Dr Ryan said: “Reviewing the evidence on the effectiveness of a vaccine doesn’t stop when a vaccine campaign begins. As the COVID-19 vaccine is rolled out in Ireland and across the world, updated evidence in relation to effectiveness and safety must be made available in an open and accountable manner, so trust can be maintained.”  

COVID-19 is unique in terms of its impact. Societal experiences following months of public health measures aimed to contain the COVID-19 pandemic will also likely impact on vaccination uptake preferences and behaviours. As time progresses, a different picture of which measures work best may develop.
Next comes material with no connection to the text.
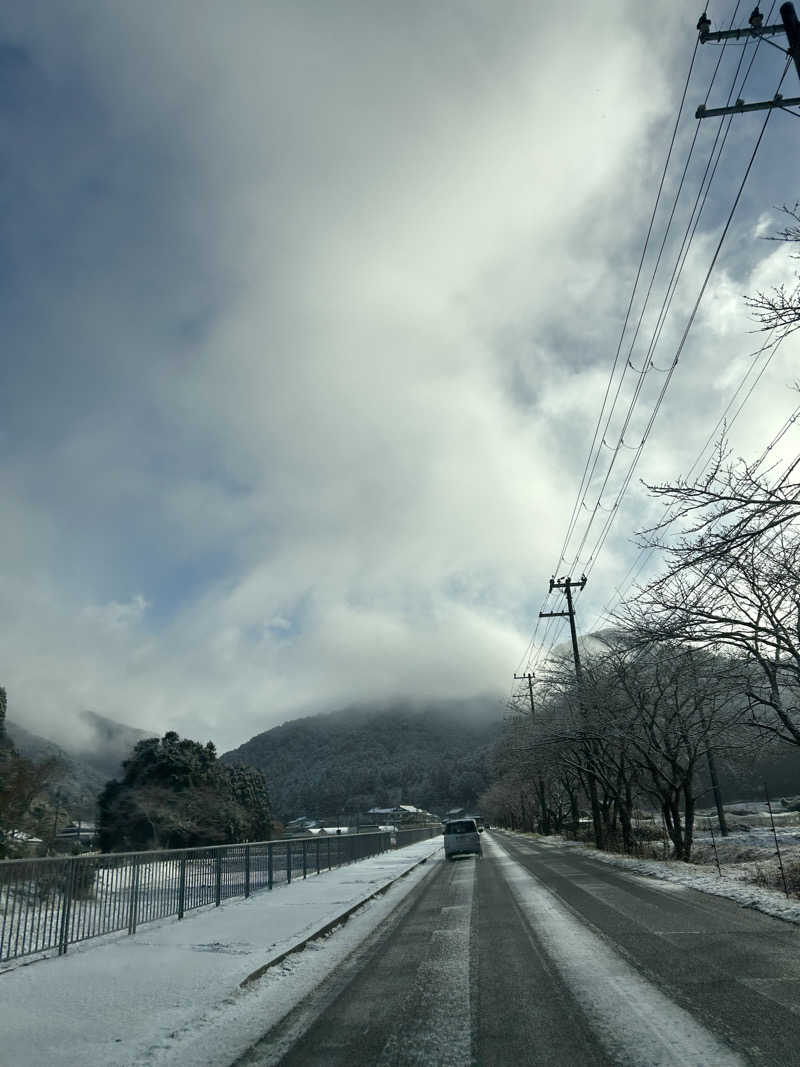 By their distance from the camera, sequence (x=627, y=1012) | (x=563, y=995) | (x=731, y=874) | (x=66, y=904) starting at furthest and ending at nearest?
(x=731, y=874)
(x=66, y=904)
(x=563, y=995)
(x=627, y=1012)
This review and advice was developed by HIQA following requests from NPHET and can be found at the link at the top of the page.

Further information:
Marty Whelan, Head of Communications & Stakeholder Engagement
085 805 5202,

Notes to Editor:

  • This morning HIQA is publishing:

    • Advice submitted to NPHET on factors influencing, and measures to improve, vaccination uptake
    • Rapid evidence summary of factors influencing, and measures to improve, vaccination uptake
    • Protocol on factors influencing, and measures to improve, vaccination uptake
  • In light of the similarities between influenza and COVID-19 in terms of the populations who may be prioritised for vaccination, influenza vaccination (including seasonal and pandemic influenza) was considered a surrogate for COVID-19 for the purpose of this rapid evidence summary.
  • Due to the abundance of studies in the scientific literature, an ‘overview of reviews’ was undertaken, limited to reviews that investigated factors affecting influenza vaccination uptake and measures to improve influenza vaccination uptake internationally. In total, 41 reviews were identified.
    • Data from nine high-quality reviews on the barriers and facilitators to an individual’s uptake of vaccination against influenza were considered.
    • Twenty-one systematic reviews were identified relating to interventions aimed at increasing influenza vaccine uptake.
    • A wide range of similar interventions were assessed that varied significantly in terms of intensity and resources required for delivery. Studies included both individual-level (for example patient letters and phone calls) and system-level (for example provider prompts) interventions. None related to mass media campaigns.
  • The rapid evidence review to identify factors influencing vaccine uptake found:
    • a number of overarching themes namely: perceived risks and benefits, knowledge, social influences and patient-specific factors (for example sociodemographic factors). These were found to act as either barriers or facilitators depending on the context.
    • perceived benefit from vaccination and recommendations from healthcare professionals were consistently found to be important facilitators for vaccination uptake.
    • interventions (including multicomponent interventions) can successfully increase vaccine uptake across a range of eligible groups. Studies included both individual-level (for example patient letters and phone calls) and system-level (for example provider prompts) interventions; none related to societal-level interventions. These interventions vary greatly in terms of intensity.
    • consideration must be given to the resource requirements and the acceptability of interventions to the target population.
  • Since September 2020, HIQA has provided evidence based advice in response to requests from NPHET.
  • HIQA’s advice to NPHET is informed by research evidence developed by HIQA’s COVID-19 Evidence Synthesis Team, with expert input from HIQA’s COVID-19 Expert Advisory Group.
    • The topics HIQA researches are outlined and prioritised by NPHET to ensure that they have rapid access to the best available evidence relevant to the SARS-CoV-2 outbreak.
  • HIQA’s COVID-19 Evidence Synthesis Team produces a variety of outputs including rapid health technology assessments, scoping reports, rapid reviews of public health guidance, and evidence summaries, supplemented by an evidence-to-advice framework to guide the development of advice, where appropriate.
  • HIQA’s COVID-19 Expert Advisory Group is a multidisciplinary group, comprising nominated representatives from the relevant clinical specialties and areas of expertise, methodology experts, and public representation.